● **Required work**
When you reach the line that contains "Cận cảnh phong", begin copying exactly, and continue through the last line of the data; no pictures belong in the copy.

%%

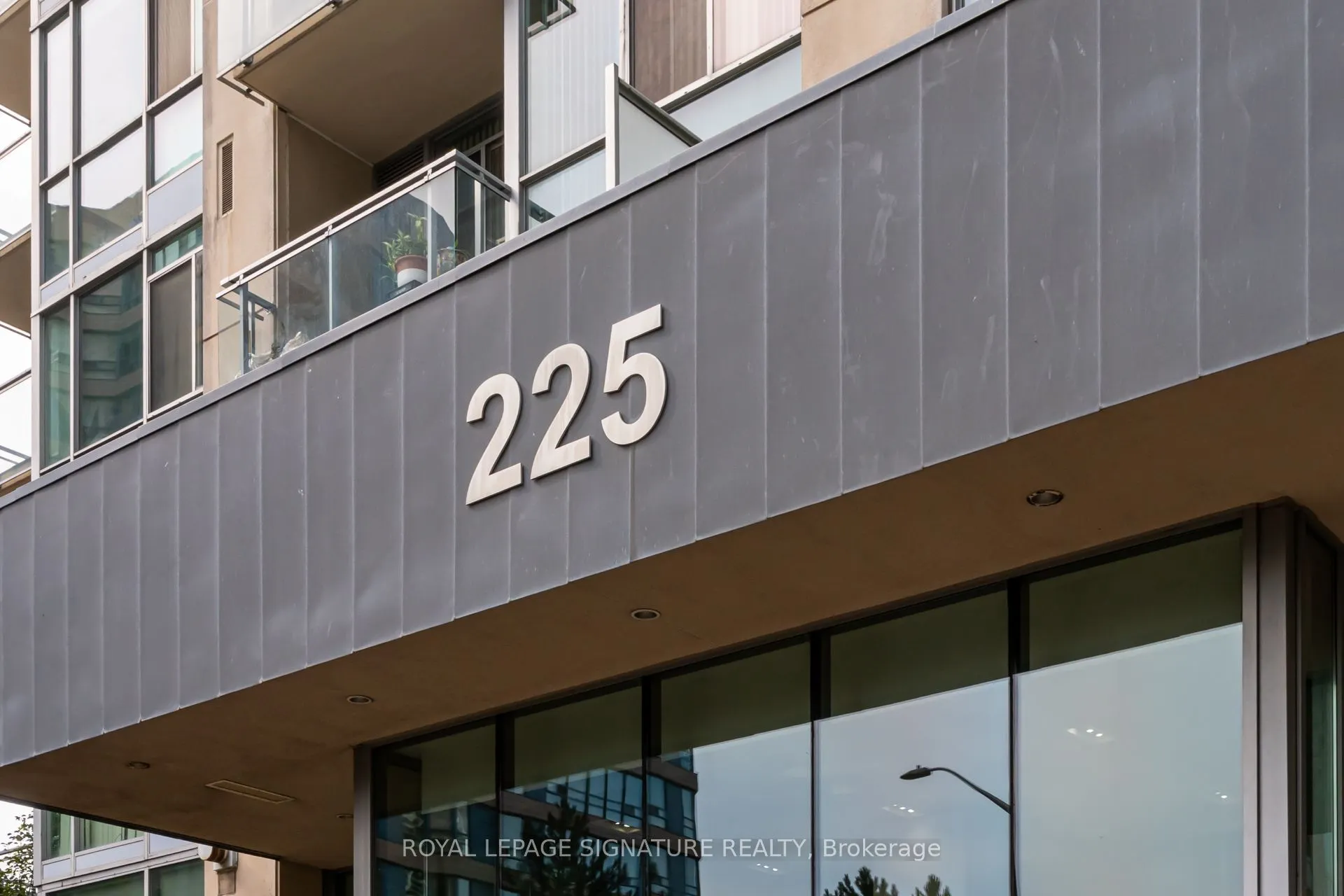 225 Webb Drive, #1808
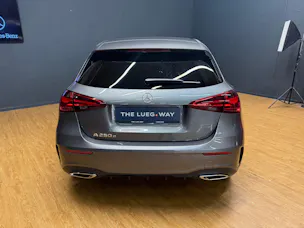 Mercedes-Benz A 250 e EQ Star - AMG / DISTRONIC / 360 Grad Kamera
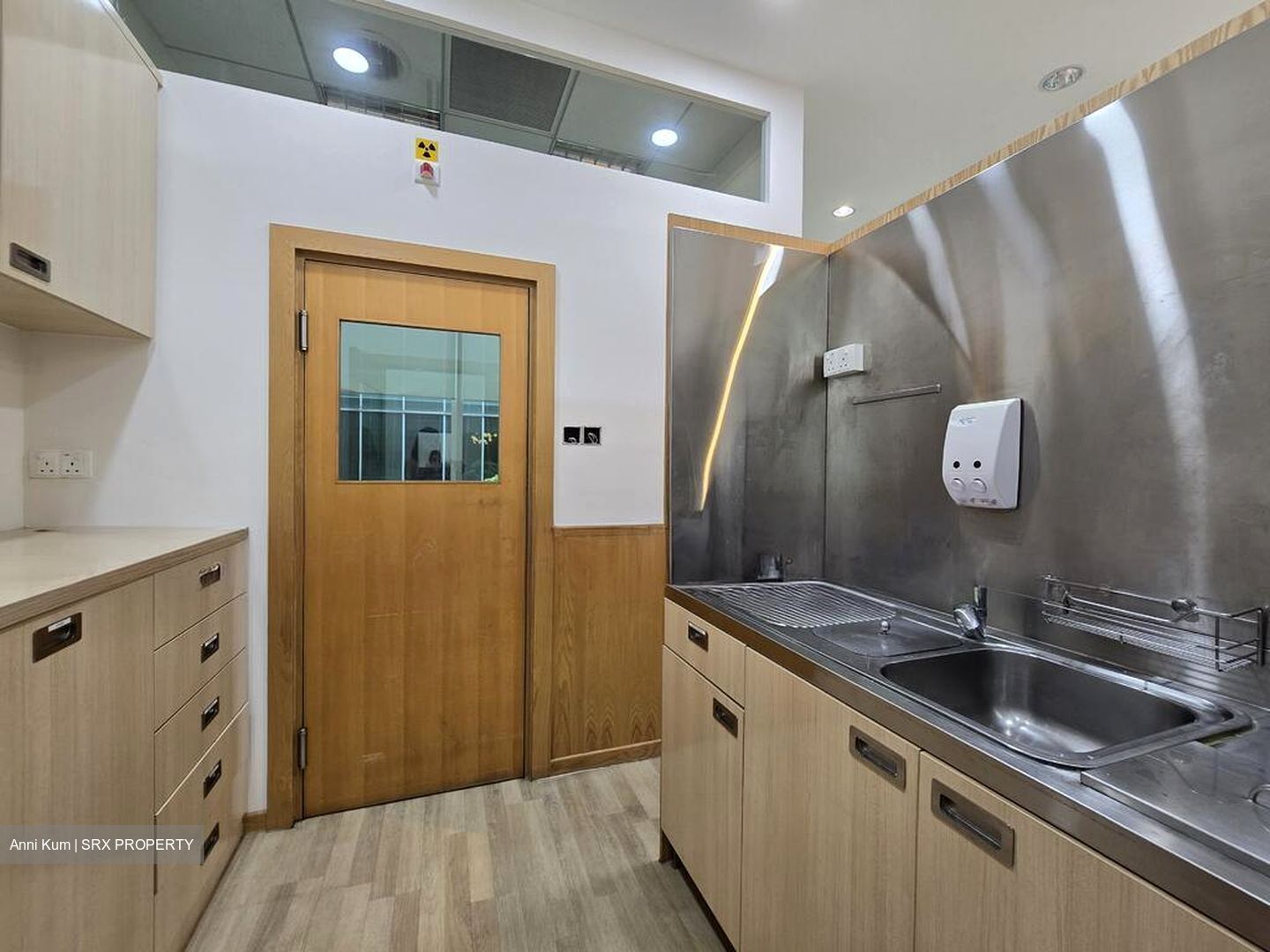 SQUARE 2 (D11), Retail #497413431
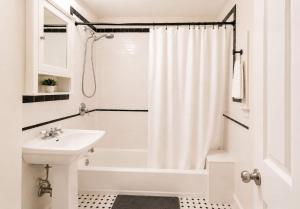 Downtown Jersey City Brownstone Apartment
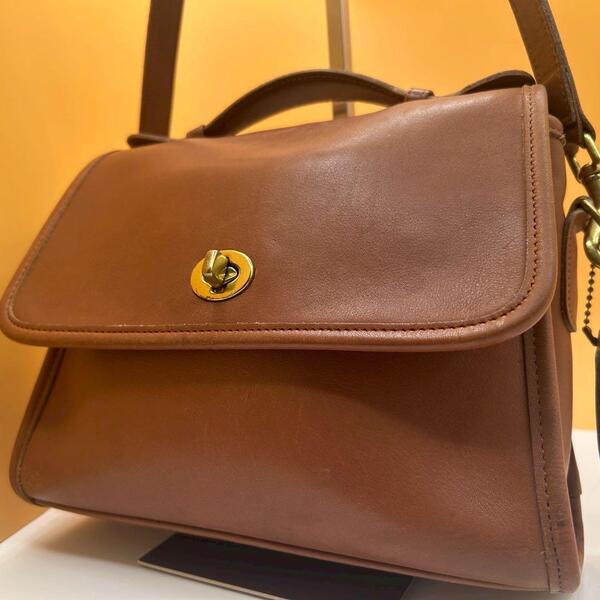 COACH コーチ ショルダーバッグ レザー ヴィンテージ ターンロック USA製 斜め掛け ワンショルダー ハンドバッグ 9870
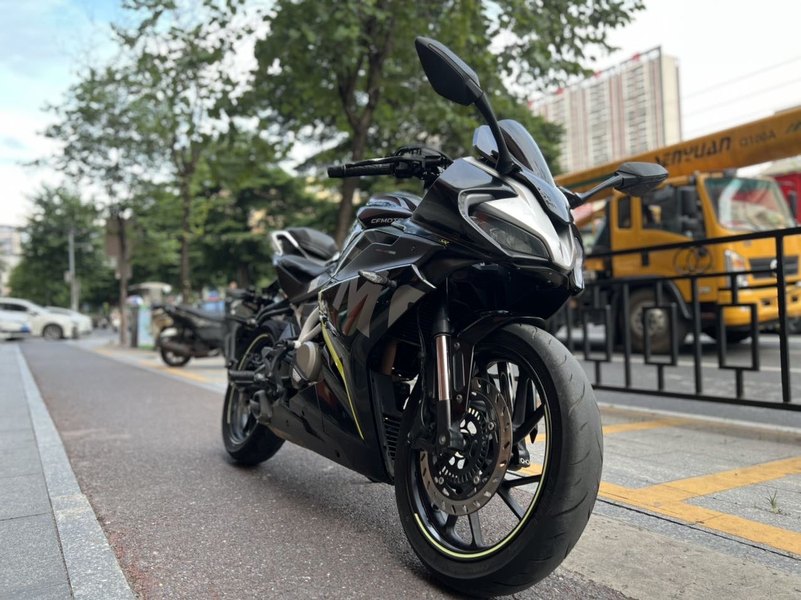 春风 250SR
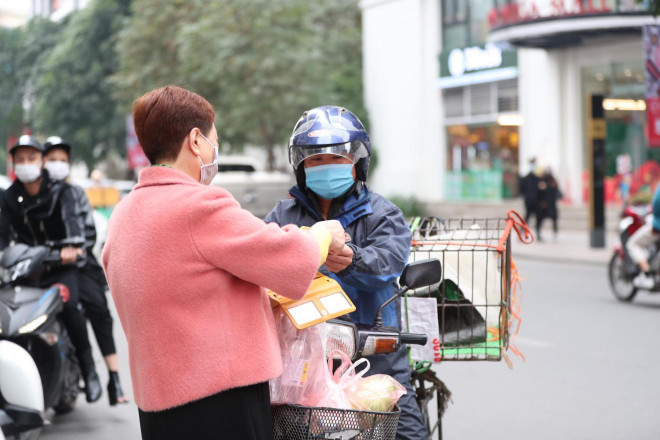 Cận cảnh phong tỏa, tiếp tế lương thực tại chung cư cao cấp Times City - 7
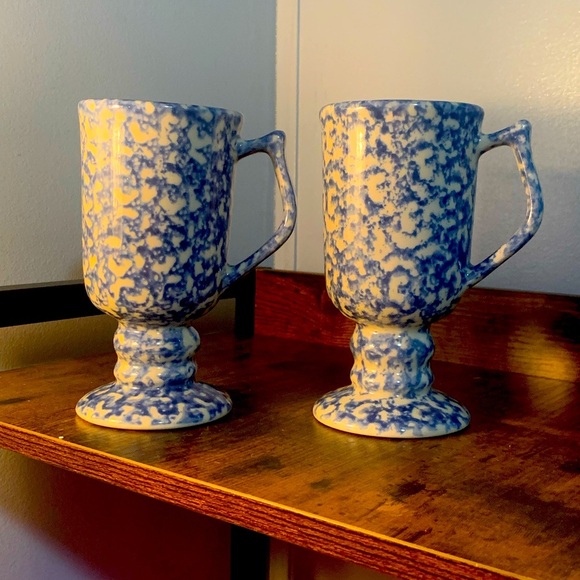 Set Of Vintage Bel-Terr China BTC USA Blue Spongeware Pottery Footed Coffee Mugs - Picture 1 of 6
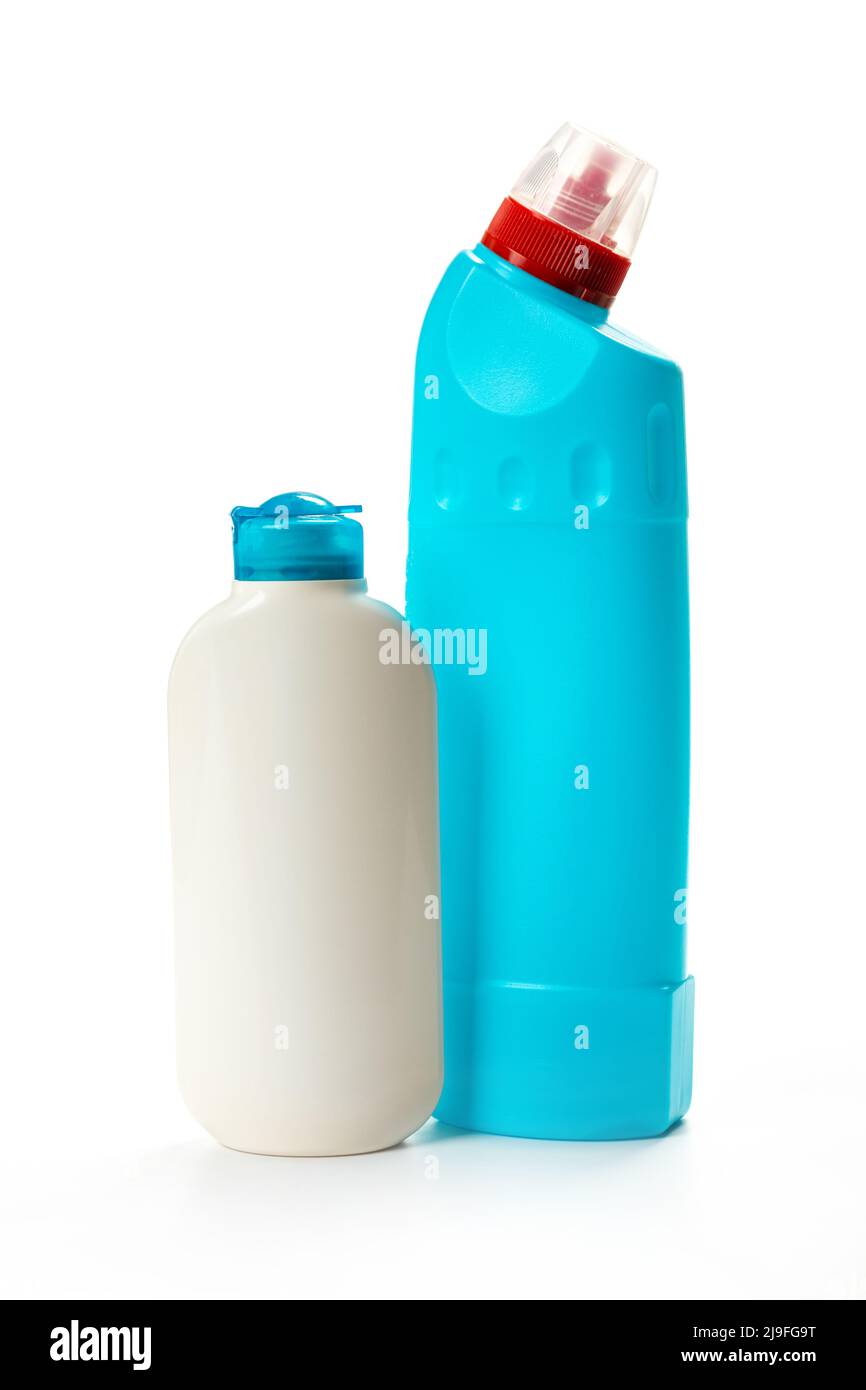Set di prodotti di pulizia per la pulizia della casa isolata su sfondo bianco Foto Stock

%%

● **Finished task**
 Cận cảnh phong tỏa, tiếp tế lương thực tại chung cư cao cấp Times City - 7
 Set Of Vintage Bel-Terr China BTC USA Blue Spongeware Pottery Footed Coffee Mugs - Picture 1 of 6
Set di prodotti di pulizia per la pulizia della casa isolata su sfondo bianco Foto Stock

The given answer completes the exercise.